### WORK TASK
Make an exact copy of all the data, pictures excluded.

### SUPPLIED DATA
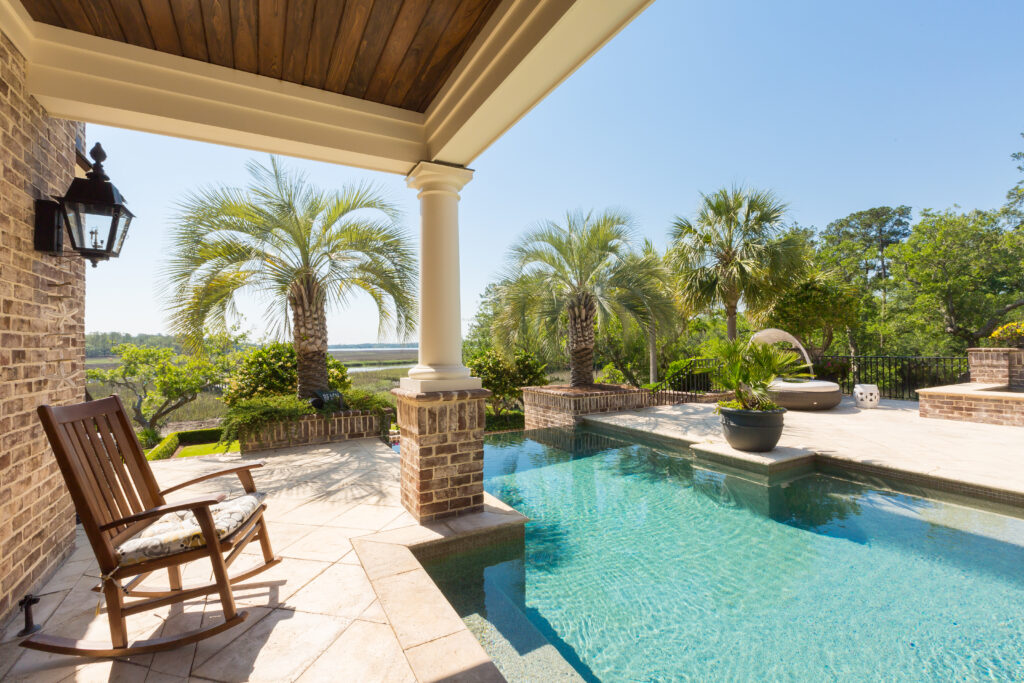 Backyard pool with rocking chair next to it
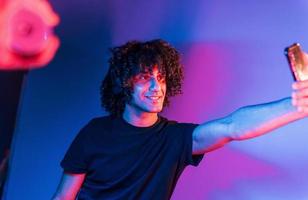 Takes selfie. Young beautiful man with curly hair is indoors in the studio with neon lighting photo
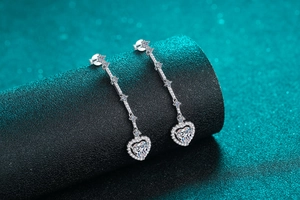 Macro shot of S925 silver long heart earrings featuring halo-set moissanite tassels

### SOLUTION
 Backyard pool with rocking chair next to it
 Takes selfie. Young beautiful man with curly hair is indoors in the studio with neon lighting photo
 Macro shot of S925 silver long heart earrings featuring halo-set moissanite tassels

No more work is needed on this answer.